Step 1: Start Creating a Deployment

To create a deployment, navigate to the model’s page and click the Deploy Model button.

You can also open the Activity tab to check if the model is already running on any compute environments. This tab displays the compute requirements needed for successfully deploying the model, allowing you to choose a nodepool that meets those requirements.

Alternatively, to create a deployment, go to the specific cluster or nodepool where you want the deployment to run, then click the Deploy Model button on that page.

Step 2: Select a Model

You’ll be redirected to a page where you can configure the compute settings for your deployment.

If you haven’t already selected a trained model, you can do so here. By default, the latest version of the model will be used, unless you switch the version toggle off to manually select a different version.

The model’s compute requirements will also be displayed, helping you select a compatible cluster and nodepool that meet those specifications.

Step 3: Select Cluster and Nodepool

Choose an existing cluster and nodepool — or create new ones — based on your model’s compute requirements and performance goals.

Once selected, the details of the chosen cluster and nodepool will be displayed for your review.

Step 4: Provide Deployment ID

Provide a deployment ID to uniquely identify your deployment.

You can also add an optional description to provide additional context and make it easier to recognize later.

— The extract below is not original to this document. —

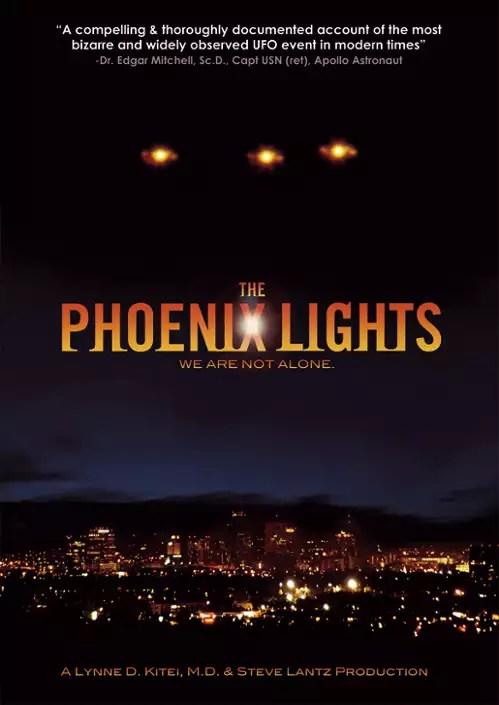 The Phoenix lights cover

Step 5: Configure Advanced Settings

You can also configure advanced deployment settings if needed. If you choose not to, the default values will be applied automatically.

  • Model Replicas — This specifies the minimum and maximum range of model replicas to deploy, adjusting based on your performance needs and anticipated workload. Adding replicas enables horizontal scaling, where the workload is distributed across several instances of the model rather than relying on a single one. However, increasing them consumes more resources and may lead to higher costs. Each node in your nodepool can host multiple replicas, depending on model size and available resources.
node autoscaling range

Click here to find out how to set up node autoscaling ranges to automatically adjust your infrastructure based on traffic demand.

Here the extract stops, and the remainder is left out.